Work task
Once the line containing "BESTÅ Storage combination" has been copied, stop; copy every line before it exactly, beginning with the first line of the material below.

Records
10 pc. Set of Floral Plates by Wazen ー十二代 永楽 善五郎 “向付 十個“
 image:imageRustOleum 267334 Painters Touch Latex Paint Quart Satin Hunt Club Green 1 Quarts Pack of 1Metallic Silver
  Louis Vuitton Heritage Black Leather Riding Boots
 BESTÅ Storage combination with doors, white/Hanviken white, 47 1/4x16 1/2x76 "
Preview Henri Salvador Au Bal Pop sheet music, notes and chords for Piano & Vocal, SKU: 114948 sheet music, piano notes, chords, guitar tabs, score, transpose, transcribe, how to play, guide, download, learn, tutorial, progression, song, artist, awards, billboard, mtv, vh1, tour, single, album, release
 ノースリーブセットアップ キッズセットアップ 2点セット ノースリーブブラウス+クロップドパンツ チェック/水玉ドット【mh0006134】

Your solution
10 pc. Set of Floral Plates by Wazen ー十二代 永楽 善五郎 “向付 十個“
 image:imageRustOleum 267334 Painters Touch Latex Paint Quart Satin Hunt Club Green 1 Quarts Pack of 1Metallic Silver
  Louis Vuitton Heritage Black Leather Riding Boots
 BESTÅ Storage combination with doors, white/Hanviken white, 47 1/4x16 1/2x76 "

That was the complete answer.